**Action item**
Omit the pictures, then write out every entry exactly as it reads.

********

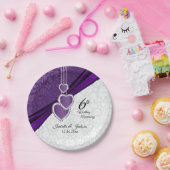 6e Amethyst Paars bruiloft Jubileum Papieren Bordje (Feest)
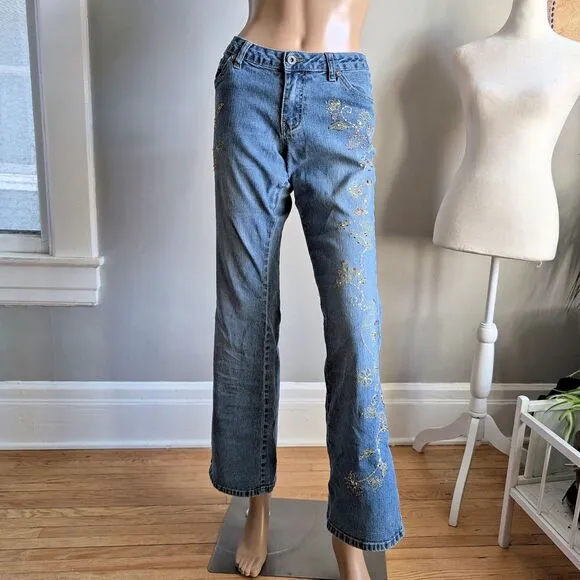 Vintage Y2K Angels Low Rise Jeans Embellished Beaded Flares Sequin JRS Size 11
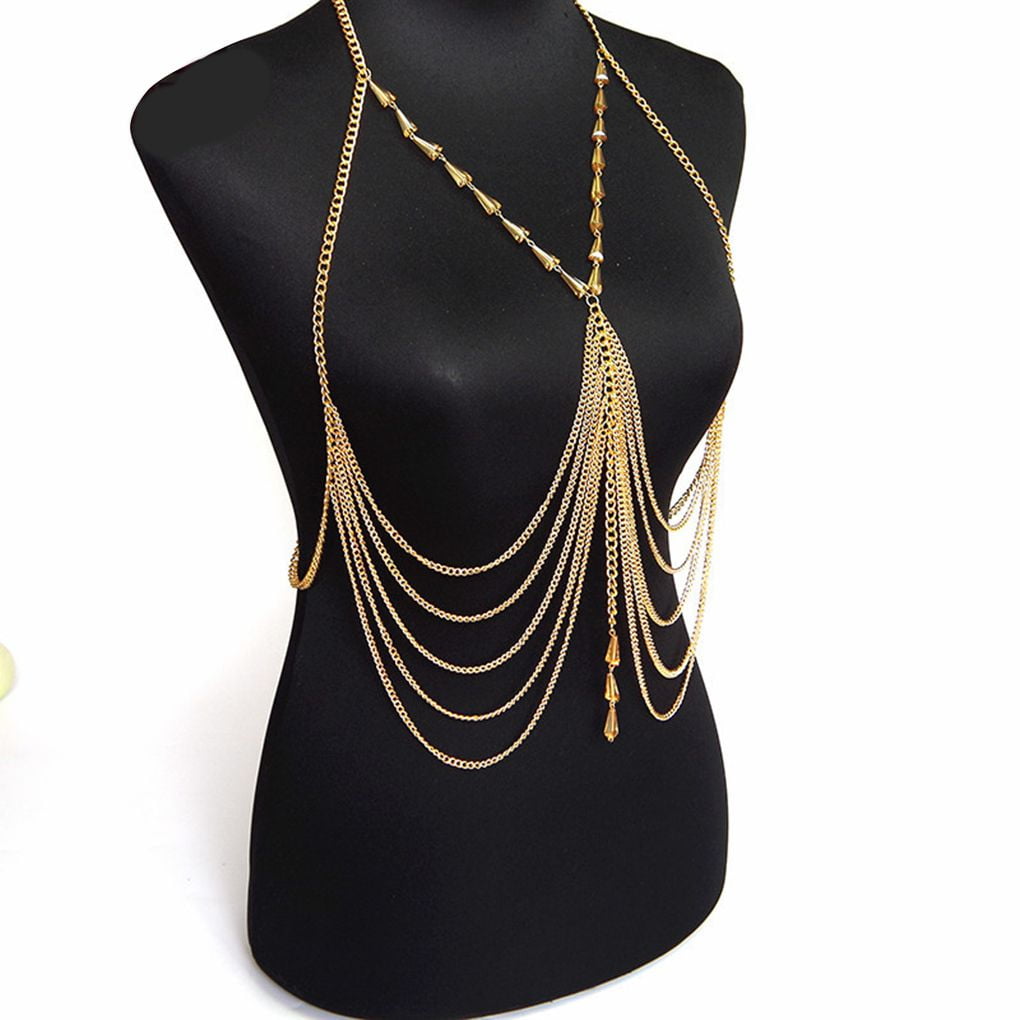 Bikini Body Chain Crystal gold 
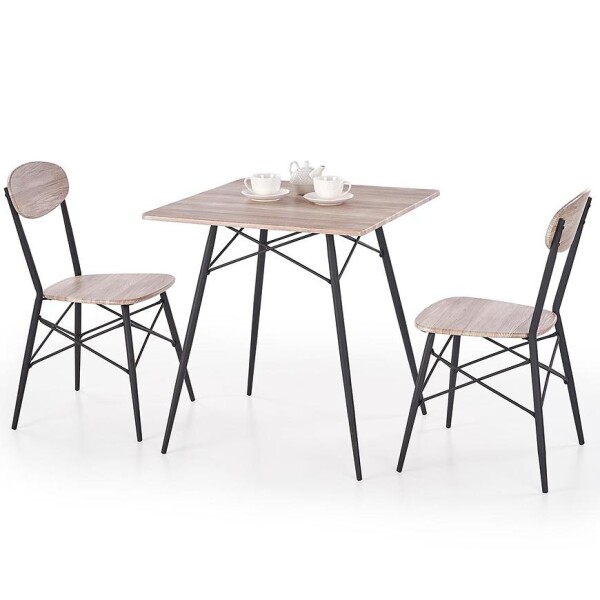 Sada stolu a židlí Kabir 1+2 70x70 dub san remo/černá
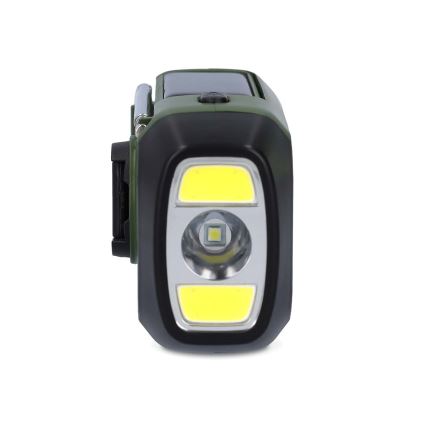 Radio DAB+/FM cu manivelă, panou solar și lanternă LED, 5V/2500 mAh, verde/negru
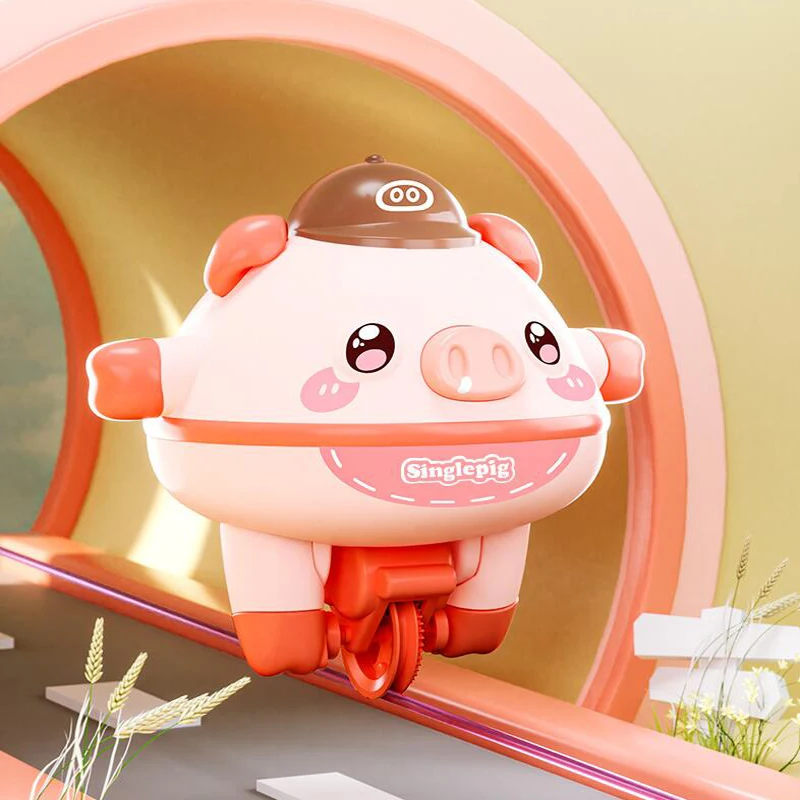 Robô anti-gravidade para crianças, Copo bonito, monociclo de porco, carro auto-equilibrado, quebra-cabeça elétrico, brinquedo giratório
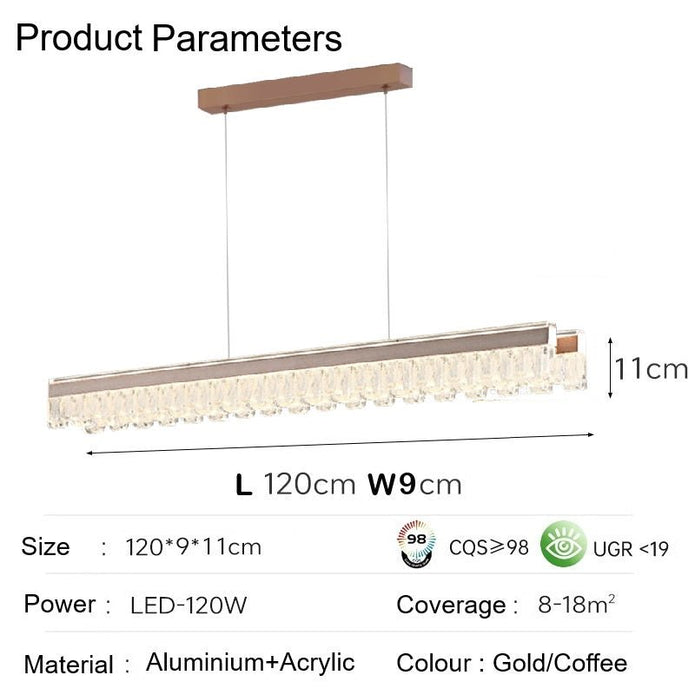 BAMDECOR A188 Nordic Dual Linear Dimmable Acrylic Kitchen Dining Table Pendant Light Minimalist Modern Lighting (Coffee)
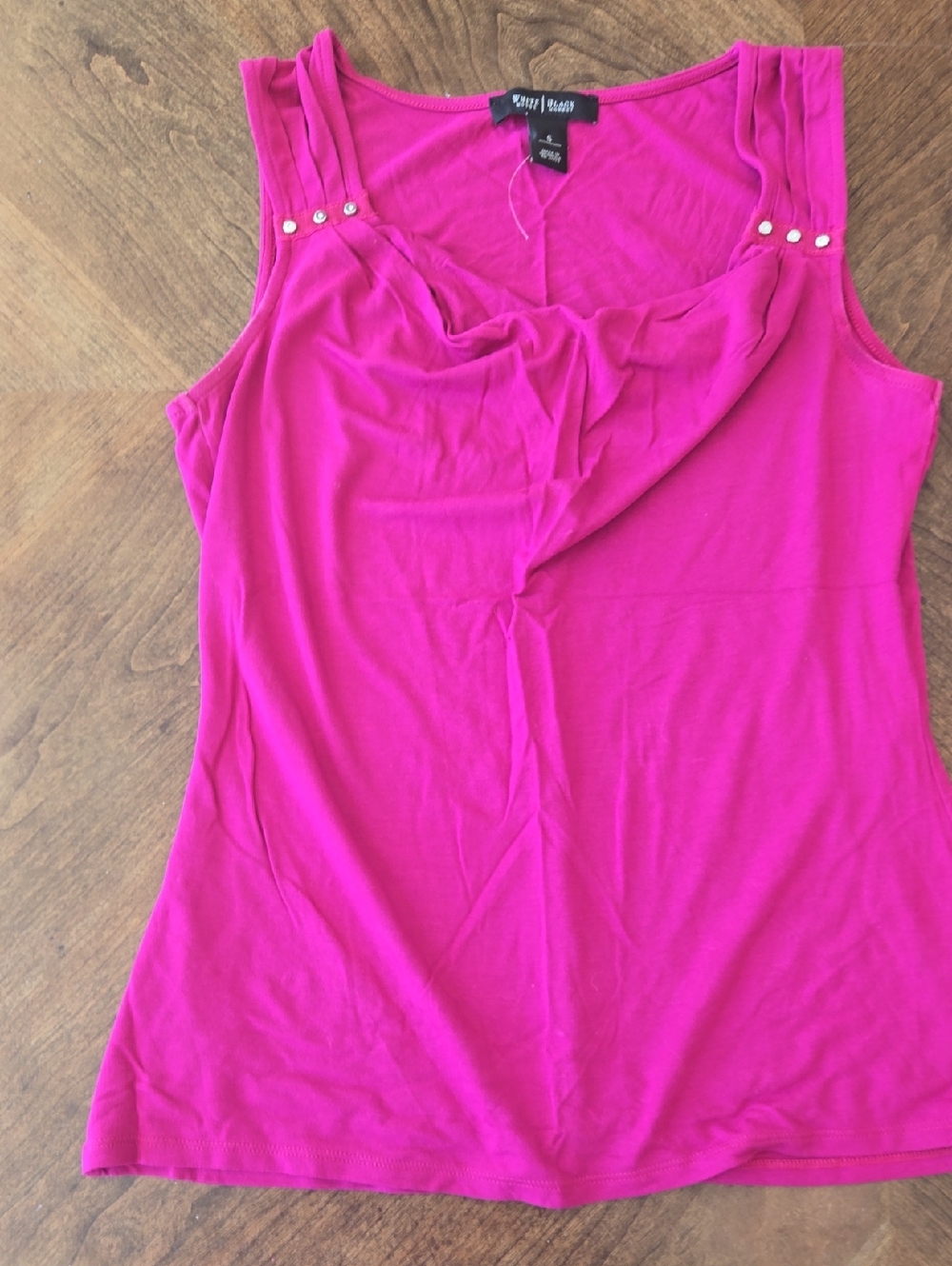Bright Hot Pink Sleeveless Ruffle-Front Tank by White House Black Market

********

**Response to the task**
 6e Amethyst Paars bruiloft Jubileum Papieren Bordje (Feest)
 Vintage Y2K Angels Low Rise Jeans Embellished Beaded Flares Sequin JRS Size 11
 Bikini Body Chain Crystal gold 
 Sada stolu a židlí Kabir 1+2 70x70 dub san remo/černá
 Radio DAB+/FM cu manivelă, panou solar și lanternă LED, 5V/2500 mAh, verde/negru
 Robô anti-gravidade para crianças, Copo bonito, monociclo de porco, carro auto-equilibrado, quebra-cabeça elétrico, brinquedo giratório
 BAMDECOR A188 Nordic Dual Linear Dimmable Acrylic Kitchen Dining Table Pendant Light Minimalist Modern Lighting (Coffee)
Bright Hot Pink Sleeveless Ruffle-Front Tank by White House Black Market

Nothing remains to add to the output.